Study material
══════
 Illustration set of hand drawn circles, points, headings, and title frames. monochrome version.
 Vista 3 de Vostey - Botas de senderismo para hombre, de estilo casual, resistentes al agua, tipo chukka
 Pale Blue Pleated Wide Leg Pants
══════
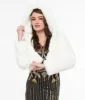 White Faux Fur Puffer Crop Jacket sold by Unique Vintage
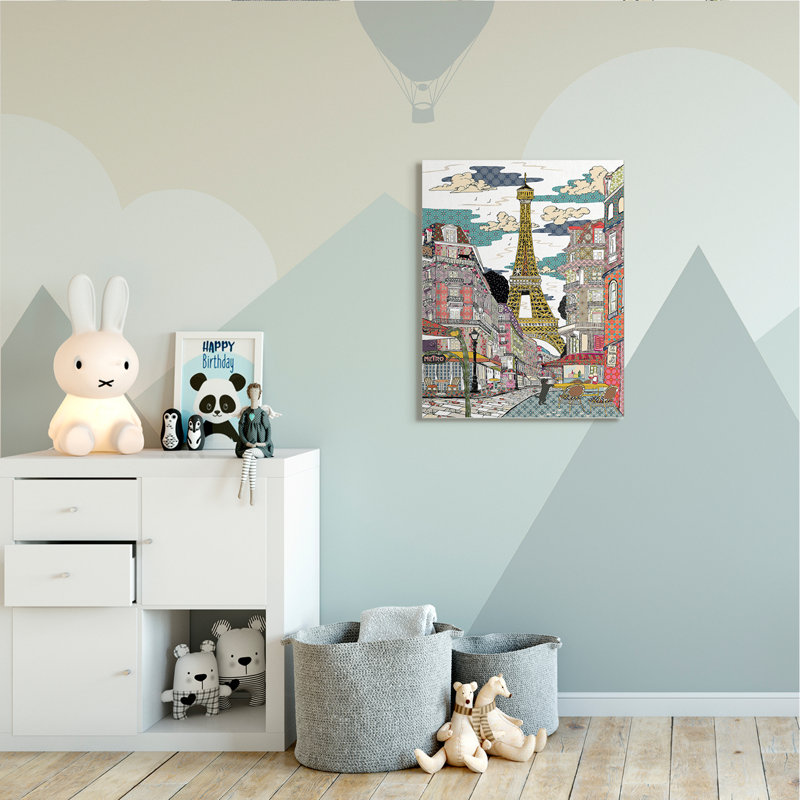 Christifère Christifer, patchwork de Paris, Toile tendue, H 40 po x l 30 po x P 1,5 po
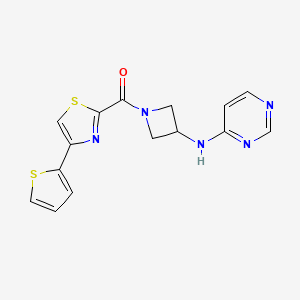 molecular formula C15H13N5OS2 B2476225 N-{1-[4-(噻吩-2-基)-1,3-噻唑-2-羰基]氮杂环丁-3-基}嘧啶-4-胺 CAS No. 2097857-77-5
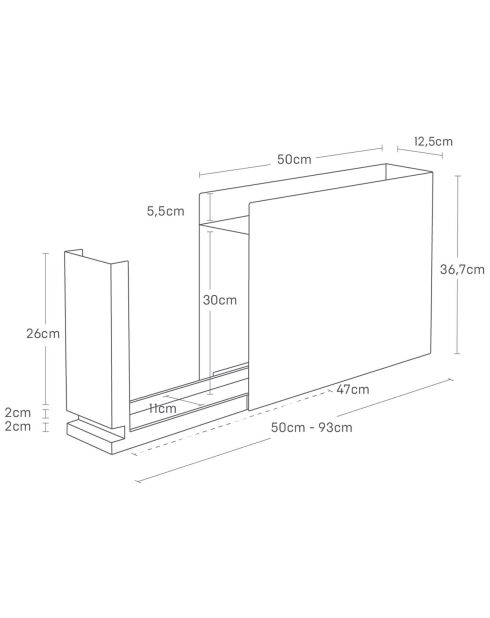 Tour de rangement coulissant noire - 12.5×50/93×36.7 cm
══════
Activity
Every line from the line containing "Vista 3 de Vostey" through the line containing "Pale Blue Pleated Wide Leg Pants" in the records above must be retyped exactly. Leave out the rest.

Exercise response
 Vista 3 de Vostey - Botas de senderismo para hombre, de estilo casual, resistentes al agua, tipo chukka
 Pale Blue Pleated Wide Leg Pants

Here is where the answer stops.